▶ [Problem statement]: Below are some records; quote exactly the lines from the one that contains "pavillon 6 pièces 113 m²" through the one that contains "コンビニ　ミニストップ 上大岡店（コンビニ）まで370m", inclusive, and no others.

▶ [Short descriptive text snippets]:
----

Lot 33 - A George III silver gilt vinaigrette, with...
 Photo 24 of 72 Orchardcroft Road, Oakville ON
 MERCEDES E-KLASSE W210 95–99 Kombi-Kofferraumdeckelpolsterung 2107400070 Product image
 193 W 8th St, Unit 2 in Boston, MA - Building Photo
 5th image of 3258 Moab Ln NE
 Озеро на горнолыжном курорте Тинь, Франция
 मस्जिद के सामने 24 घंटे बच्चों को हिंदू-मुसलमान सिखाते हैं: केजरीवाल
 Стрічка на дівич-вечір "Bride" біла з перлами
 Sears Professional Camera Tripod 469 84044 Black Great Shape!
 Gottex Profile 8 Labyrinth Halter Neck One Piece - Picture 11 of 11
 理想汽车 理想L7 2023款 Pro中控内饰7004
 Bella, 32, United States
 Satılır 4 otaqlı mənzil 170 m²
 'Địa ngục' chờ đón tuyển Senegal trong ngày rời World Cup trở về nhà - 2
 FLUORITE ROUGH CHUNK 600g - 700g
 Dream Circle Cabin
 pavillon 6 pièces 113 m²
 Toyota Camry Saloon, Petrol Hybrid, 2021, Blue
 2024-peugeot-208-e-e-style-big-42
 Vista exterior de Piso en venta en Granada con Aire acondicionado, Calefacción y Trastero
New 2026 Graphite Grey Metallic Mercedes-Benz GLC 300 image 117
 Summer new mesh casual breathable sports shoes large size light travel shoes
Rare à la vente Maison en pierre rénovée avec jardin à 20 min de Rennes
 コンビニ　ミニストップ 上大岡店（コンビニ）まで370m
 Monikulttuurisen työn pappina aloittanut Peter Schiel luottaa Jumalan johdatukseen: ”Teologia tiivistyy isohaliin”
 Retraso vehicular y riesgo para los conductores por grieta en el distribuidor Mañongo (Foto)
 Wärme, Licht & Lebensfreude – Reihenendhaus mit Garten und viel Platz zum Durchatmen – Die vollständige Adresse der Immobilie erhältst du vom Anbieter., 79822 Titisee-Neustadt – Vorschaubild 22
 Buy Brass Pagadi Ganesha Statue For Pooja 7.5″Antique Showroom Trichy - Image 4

----

▶ [Written response]:
 pavillon 6 pièces 113 m²
 Toyota Camry Saloon, Petrol Hybrid, 2021, Blue
 2024-peugeot-208-e-e-style-big-42
 Vista exterior de Piso en venta en Granada con Aire acondicionado, Calefacción y Trastero
New 2026 Graphite Grey Metallic Mercedes-Benz GLC 300 image 117
 Summer new mesh casual breathable sports shoes large size light travel shoes
Rare à la vente Maison en pierre rénovée avec jardin à 20 min de Rennes
 コンビニ　ミニストップ 上大岡店（コンビニ）まで370m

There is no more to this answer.